# Succession Planting



## Garden_Hoard (Mar 21, 2011)

What a great post! I love succession planting - and the filling the gap approach is new to me. Thanks!!!


----------



## Tee (Mar 26, 2009)

Thank you! I'm glad you found something useful from the post. Other people might have a better nam than "fill the gap" but that's what I call it LOL. It really is a great way to get more continually growing vegetables from your garden.


----------



## Hardy (Mar 21, 2011)

Sounds like an interesting post. This year I am planning to try my hand at some inter cropping... that is, sowing slower growing plants, and filling up the empty space with faster growing plants. The idea is you harvest the faster growing plants before the slower ones need the space.

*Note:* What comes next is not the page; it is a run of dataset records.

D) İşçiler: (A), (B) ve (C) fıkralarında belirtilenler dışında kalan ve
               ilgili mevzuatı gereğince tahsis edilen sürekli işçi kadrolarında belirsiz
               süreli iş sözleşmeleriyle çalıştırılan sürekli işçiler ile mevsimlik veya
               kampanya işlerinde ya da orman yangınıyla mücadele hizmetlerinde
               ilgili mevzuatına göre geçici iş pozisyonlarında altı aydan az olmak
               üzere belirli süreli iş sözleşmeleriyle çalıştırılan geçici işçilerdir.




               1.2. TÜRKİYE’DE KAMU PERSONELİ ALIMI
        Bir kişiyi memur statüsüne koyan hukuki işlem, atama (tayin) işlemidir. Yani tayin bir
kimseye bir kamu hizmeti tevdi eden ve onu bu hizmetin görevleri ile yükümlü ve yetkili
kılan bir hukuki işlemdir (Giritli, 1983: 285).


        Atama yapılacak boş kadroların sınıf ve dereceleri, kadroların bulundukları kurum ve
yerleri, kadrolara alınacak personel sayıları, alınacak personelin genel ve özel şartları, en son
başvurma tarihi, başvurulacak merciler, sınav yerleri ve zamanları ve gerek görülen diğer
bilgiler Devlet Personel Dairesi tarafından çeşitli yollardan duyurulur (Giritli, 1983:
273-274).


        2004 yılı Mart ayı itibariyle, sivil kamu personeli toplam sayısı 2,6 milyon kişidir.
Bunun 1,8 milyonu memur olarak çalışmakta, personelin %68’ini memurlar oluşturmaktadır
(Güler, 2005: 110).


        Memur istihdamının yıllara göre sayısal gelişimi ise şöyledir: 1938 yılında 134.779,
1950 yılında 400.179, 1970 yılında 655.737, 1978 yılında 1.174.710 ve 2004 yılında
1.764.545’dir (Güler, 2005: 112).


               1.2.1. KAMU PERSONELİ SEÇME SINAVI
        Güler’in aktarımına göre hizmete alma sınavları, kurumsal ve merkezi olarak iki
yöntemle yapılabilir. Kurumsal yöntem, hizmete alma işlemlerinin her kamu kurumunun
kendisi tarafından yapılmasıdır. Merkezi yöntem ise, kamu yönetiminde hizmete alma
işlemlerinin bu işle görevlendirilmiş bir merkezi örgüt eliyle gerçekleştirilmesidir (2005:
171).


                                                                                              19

Your article contains lots of interesting info


----------



## Tee (Mar 26, 2009)

Your ideas for planting slower crops with faster growing crops is fantastic! There are many ways you can increase the production of your garden. Thanks for sharing your plans! Very interesting, indeed.


----------



## JackVSage (Jun 23, 2012)

Do chard and arugula grow well in NC? How late into the season can you plant them?


----------



## Tee (Mar 26, 2009)

Yes, arugula and Swiss chard grows well in North Carolina. If you are in the coastal or piedmont ares you probably need to start it in late March - early April. If you live in the western, mountain areas you can probably start it from early April until early May. They do better in cooler temperatures. You could also plant them in late summer or early fall for a fall crop.


----------